> EXERCISE: Produce word for word the lines of the data below running from the one that has "1996 Ford Bronco" to the one that has "A group of people", inclusive, and no others.

************

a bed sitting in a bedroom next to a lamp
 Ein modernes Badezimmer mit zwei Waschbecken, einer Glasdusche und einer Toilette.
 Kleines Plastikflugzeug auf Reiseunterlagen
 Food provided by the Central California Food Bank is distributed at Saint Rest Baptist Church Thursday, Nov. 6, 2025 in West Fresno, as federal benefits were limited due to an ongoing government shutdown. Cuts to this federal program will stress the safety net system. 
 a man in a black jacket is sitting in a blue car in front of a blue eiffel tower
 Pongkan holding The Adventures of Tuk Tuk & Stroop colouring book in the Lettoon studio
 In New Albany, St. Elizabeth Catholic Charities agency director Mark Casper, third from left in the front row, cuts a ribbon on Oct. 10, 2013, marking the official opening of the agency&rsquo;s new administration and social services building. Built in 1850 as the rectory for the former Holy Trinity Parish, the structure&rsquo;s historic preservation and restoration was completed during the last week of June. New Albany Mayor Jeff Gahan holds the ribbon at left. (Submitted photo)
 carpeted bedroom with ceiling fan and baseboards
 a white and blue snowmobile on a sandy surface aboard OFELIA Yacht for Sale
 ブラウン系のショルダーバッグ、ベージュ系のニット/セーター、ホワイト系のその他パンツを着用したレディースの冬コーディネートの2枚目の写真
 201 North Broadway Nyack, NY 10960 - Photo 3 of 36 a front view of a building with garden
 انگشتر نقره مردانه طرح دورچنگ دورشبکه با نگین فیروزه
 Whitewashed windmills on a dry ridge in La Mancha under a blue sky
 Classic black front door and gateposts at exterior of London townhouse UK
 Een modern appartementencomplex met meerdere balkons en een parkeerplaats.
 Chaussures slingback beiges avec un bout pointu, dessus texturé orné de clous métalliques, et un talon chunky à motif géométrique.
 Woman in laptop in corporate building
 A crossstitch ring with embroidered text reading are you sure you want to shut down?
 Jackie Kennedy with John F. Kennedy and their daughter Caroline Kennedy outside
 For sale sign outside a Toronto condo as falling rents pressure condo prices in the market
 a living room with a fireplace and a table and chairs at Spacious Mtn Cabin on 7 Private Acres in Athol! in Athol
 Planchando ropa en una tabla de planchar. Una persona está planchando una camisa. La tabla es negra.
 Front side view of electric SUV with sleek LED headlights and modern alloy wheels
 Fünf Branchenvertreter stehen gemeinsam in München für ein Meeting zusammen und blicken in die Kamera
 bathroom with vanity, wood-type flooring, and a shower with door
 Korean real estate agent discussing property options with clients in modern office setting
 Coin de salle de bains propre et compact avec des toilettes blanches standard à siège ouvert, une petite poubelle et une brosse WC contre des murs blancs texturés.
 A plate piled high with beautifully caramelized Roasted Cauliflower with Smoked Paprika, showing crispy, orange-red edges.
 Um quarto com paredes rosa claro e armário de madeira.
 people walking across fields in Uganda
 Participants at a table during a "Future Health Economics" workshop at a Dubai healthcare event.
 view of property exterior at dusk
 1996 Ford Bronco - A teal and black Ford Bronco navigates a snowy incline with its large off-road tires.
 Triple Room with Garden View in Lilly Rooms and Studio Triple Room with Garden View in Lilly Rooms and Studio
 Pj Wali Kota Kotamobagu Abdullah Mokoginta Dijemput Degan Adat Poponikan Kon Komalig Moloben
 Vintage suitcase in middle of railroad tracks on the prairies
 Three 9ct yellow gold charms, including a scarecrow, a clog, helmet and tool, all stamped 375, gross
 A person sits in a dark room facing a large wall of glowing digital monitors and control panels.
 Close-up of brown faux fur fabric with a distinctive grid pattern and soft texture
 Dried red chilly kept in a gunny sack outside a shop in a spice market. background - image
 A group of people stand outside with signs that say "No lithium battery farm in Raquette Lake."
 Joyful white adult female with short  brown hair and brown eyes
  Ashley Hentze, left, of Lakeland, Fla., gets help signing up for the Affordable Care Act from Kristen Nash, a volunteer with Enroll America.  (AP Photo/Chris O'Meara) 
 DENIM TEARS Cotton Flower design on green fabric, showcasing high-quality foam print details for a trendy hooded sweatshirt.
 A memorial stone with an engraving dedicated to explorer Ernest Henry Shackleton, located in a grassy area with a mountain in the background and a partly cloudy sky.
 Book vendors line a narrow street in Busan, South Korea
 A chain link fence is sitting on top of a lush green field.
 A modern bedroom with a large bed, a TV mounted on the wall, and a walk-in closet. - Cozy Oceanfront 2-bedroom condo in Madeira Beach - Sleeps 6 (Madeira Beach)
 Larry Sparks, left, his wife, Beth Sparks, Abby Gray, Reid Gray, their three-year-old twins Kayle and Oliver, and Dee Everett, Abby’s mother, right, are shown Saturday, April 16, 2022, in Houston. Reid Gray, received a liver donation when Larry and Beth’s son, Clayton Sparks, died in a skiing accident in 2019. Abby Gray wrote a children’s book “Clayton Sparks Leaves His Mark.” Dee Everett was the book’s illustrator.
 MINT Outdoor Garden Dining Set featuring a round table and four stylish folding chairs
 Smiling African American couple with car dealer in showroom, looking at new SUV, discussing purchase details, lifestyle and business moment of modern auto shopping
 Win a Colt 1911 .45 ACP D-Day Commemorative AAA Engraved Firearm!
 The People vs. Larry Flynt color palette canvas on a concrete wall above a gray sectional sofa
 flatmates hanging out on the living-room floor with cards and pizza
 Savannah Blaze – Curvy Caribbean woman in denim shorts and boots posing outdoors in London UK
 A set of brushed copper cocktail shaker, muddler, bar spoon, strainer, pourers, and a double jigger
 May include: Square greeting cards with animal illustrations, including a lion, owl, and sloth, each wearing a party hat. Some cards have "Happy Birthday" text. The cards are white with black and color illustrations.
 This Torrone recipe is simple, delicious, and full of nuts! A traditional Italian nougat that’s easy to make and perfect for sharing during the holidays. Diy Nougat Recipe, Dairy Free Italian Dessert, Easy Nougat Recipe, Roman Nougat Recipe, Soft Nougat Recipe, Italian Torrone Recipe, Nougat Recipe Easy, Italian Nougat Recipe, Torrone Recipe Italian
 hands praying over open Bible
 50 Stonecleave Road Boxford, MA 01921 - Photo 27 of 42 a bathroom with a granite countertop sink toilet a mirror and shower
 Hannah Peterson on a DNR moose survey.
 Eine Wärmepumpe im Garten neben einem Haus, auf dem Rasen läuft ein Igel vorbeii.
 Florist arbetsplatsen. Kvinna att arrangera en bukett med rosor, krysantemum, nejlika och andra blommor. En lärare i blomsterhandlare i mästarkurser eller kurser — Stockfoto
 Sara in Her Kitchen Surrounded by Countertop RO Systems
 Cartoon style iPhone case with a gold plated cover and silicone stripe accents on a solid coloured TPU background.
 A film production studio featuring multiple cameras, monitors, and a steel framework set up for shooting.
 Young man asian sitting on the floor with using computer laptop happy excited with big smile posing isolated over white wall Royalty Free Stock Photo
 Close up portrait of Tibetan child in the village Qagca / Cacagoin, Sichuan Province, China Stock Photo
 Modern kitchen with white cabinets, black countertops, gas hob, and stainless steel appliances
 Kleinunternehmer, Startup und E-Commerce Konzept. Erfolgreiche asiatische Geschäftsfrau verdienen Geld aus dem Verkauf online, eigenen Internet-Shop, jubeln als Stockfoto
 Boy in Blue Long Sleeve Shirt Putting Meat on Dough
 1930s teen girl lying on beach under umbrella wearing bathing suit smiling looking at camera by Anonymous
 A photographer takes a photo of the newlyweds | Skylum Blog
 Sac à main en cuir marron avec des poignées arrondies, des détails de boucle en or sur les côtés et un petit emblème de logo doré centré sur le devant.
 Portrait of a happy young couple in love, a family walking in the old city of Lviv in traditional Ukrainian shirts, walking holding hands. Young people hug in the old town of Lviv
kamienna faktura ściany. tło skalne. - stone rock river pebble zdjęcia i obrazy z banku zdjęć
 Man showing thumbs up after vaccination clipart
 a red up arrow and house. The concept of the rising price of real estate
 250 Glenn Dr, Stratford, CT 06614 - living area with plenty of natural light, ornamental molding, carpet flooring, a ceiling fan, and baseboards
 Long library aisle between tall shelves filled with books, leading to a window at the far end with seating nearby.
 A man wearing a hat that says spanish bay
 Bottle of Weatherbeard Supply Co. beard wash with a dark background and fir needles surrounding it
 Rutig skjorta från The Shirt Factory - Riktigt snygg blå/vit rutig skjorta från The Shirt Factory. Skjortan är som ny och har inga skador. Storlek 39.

************

> EXERCISE RESULT:
 1996 Ford Bronco - A teal and black Ford Bronco navigates a snowy incline with its large off-road tires.
 Triple Room with Garden View in Lilly Rooms and Studio Triple Room with Garden View in Lilly Rooms and Studio
 Pj Wali Kota Kotamobagu Abdullah Mokoginta Dijemput Degan Adat Poponikan Kon Komalig Moloben
 Vintage suitcase in middle of railroad tracks on the prairies
 Three 9ct yellow gold charms, including a scarecrow, a clog, helmet and tool, all stamped 375, gross
 A person sits in a dark room facing a large wall of glowing digital monitors and control panels.
 Close-up of brown faux fur fabric with a distinctive grid pattern and soft texture
 Dried red chilly kept in a gunny sack outside a shop in a spice market. background - image
 A group of people stand outside with signs that say "No lithium battery farm in Raquette Lake."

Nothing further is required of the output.